• Available data

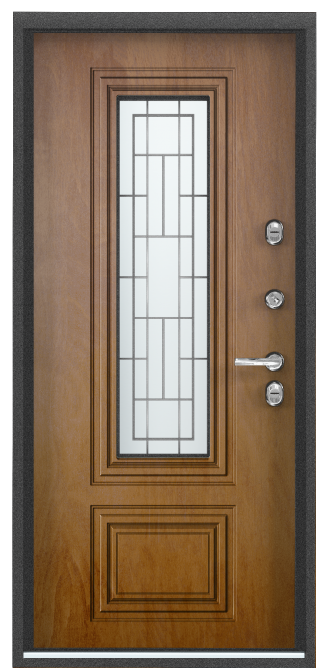 ФМ Американский орех в Южно-Сахалинске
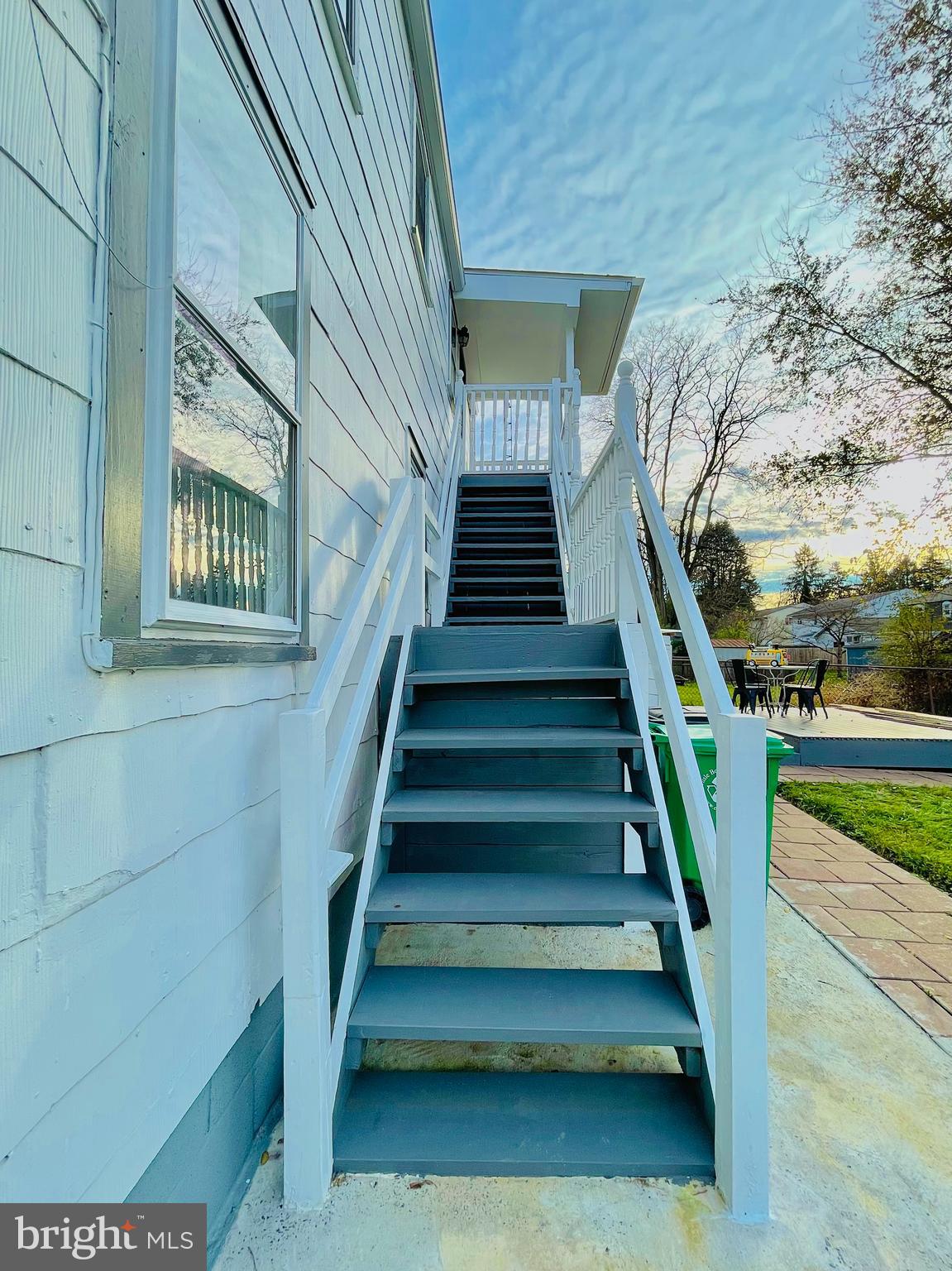 CARLISLE BOROUGH - Residential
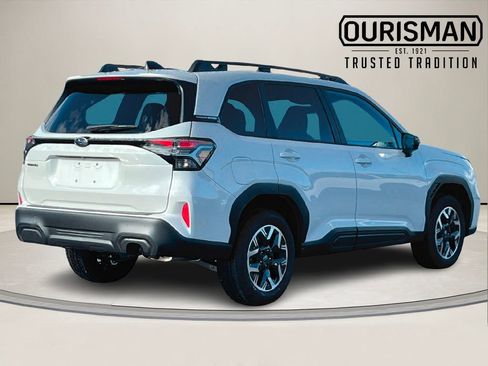 New 2026 Subaru Forester Premium image 4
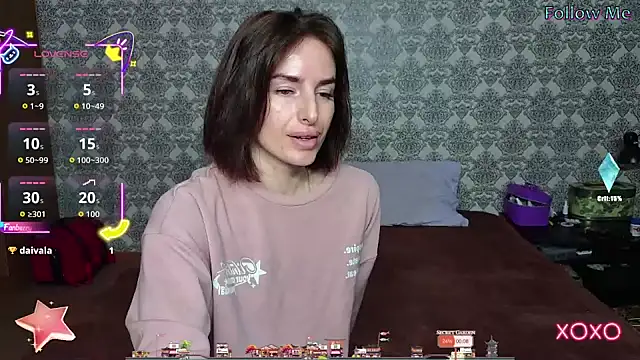 Snapshot of xx_adrihanna_xx chatting on 9, 10, 2025 xx adrihanna xx online show from 9, 10, 2025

• Exercise details
Extract every line of the data exactly; pictures stay out.

• Exercise solution
 ФМ Американский орех в Южно-Сахалинске
 CARLISLE BOROUGH - Residential
 New 2026 Subaru Forester Premium image 4
 Snapshot of xx_adrihanna_xx chatting on 9, 10, 2025 xx adrihanna xx online show from 9, 10, 2025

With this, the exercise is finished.